Calcraff était un homme entre deux âges, d'une force herculéenne et d'un caractère sombre.

Beaucoup de ceux qui exercent cette terrible profession sont en proie à une éternelle tristesse.

Plusieurs encore, sinon presque tous, sont chirurgiens et s'occupent d'anatomie avec une sorte de passion.

Isolés de la société qui les repousse avec une muette horreur, les bourreaux vivent à l'écart, parlent peu, et se livrent ordinairement à des études sérieuses.

La plupart sont sobres.

Calcraff rentrait de bonne heure, chaque soir, faisait un repas frugal et se couchait.

La veille des exécutions il ne soupait pas.

Ainsi John avait dit vrai. Ce soir-là, Calcraff s'était contenté d'une tasse de thé et s'était mis au lit avant huit heures.

Le gros oeuvre, comme on dit, concernait Jefferies.

Calcraff n'avait à se mêler que d'une chose, passer la corde au cou du condamné, lui rabattre le bonnet noir sur les yeux et le lancer dans l'éternité.

Quand il arrivait à Newgate, tout était prêt.
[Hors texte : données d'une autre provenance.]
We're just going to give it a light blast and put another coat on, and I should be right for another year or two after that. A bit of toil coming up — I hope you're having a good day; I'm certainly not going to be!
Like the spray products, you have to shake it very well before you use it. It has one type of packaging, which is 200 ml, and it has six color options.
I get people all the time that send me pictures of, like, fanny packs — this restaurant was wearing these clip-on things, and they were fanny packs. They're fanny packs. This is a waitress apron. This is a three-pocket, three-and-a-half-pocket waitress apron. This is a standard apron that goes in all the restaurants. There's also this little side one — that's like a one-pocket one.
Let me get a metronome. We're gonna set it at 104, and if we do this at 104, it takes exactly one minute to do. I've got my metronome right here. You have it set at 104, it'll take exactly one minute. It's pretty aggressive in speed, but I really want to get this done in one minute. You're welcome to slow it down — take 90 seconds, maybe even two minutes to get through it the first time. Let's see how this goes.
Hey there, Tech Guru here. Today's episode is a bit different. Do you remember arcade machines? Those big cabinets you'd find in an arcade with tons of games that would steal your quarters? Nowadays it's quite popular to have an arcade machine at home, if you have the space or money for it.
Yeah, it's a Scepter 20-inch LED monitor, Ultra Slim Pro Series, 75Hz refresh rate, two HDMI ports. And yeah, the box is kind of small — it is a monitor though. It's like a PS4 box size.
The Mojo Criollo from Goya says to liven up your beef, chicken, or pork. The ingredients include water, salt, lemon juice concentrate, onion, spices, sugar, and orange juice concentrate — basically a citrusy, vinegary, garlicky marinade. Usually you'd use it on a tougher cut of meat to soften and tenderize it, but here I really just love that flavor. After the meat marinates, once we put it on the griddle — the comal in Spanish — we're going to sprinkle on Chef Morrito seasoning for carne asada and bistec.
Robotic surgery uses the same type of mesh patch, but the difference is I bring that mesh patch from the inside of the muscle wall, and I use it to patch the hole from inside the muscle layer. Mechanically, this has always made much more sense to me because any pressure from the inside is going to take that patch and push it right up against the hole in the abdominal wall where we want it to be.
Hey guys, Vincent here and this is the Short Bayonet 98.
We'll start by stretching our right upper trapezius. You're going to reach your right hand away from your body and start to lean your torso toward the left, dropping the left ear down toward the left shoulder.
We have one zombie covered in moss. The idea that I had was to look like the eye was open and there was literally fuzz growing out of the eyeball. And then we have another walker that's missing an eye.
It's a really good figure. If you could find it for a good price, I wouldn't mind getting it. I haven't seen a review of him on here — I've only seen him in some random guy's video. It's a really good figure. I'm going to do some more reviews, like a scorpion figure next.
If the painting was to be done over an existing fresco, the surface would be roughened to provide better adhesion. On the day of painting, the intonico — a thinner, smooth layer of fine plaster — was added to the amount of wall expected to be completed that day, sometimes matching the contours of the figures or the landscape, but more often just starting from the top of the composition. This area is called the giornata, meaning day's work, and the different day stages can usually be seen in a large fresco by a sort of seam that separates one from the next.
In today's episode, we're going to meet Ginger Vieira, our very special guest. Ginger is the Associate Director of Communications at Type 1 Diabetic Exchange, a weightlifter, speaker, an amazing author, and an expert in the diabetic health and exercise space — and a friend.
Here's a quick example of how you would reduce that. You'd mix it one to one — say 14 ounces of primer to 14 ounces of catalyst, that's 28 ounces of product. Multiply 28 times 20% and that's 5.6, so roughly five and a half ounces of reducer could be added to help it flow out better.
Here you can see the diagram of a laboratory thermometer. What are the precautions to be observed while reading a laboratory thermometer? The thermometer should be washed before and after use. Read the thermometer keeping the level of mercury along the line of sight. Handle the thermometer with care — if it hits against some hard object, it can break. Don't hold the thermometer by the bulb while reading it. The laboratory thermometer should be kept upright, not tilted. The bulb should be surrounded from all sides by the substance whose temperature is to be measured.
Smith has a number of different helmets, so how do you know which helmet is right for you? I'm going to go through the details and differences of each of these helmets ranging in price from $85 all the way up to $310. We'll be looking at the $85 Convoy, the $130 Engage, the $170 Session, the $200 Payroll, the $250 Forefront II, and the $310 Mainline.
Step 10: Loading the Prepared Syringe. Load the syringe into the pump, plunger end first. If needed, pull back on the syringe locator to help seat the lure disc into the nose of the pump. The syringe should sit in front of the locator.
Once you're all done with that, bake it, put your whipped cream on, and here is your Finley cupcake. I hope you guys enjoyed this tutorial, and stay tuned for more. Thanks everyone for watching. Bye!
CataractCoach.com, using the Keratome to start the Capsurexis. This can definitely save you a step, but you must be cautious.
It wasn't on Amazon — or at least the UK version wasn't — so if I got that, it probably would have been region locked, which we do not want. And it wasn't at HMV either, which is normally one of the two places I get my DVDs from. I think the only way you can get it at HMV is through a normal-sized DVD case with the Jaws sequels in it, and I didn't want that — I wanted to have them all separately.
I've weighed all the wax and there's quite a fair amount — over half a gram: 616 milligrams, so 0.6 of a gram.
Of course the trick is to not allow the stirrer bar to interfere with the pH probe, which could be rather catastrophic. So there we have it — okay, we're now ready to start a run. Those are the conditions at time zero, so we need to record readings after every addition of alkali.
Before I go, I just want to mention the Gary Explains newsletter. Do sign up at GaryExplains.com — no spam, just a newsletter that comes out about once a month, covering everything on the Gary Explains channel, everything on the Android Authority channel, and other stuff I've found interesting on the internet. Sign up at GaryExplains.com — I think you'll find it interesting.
Calcraff dormit donc jusqu'à trois heures et demie du matin et ne se leva que lorsque la sonnerie d'un _réveil_ placé sur la cheminée de sa chambre, se fit entendre.

Avant de s'habiller, il trempa ses bras jusqu'au coude dans un baquet d'eau froide et plaça sa tête sous un appareil hydrothérapique qui se trouvait dans le laboratoire et qui laissa pleuvoir dessus une gerbe glacée.

Cet homme qui depuis trente années exerçait son terrible ministère n'avait jamais exécuté un patient sans être pris, deux ou trois heures auparavant, d'un tremblement nerveux dont il ne devenait maître qu'en s'administrant des douches d'eau glacée.

Sa toilette terminée, il s'enveloppa dans son manteau, et descendit sans bruit l'escalier de sa maison, après avoir soigneusement fermé la porte.

Well close square était désert, à cette heure matinale.

Cependant il y avait un cab dans un angle de la place qui paraissait attendre le bourreau.

Ce cab avait été retenu par lui, la veille, à la station de voitures la plus proche.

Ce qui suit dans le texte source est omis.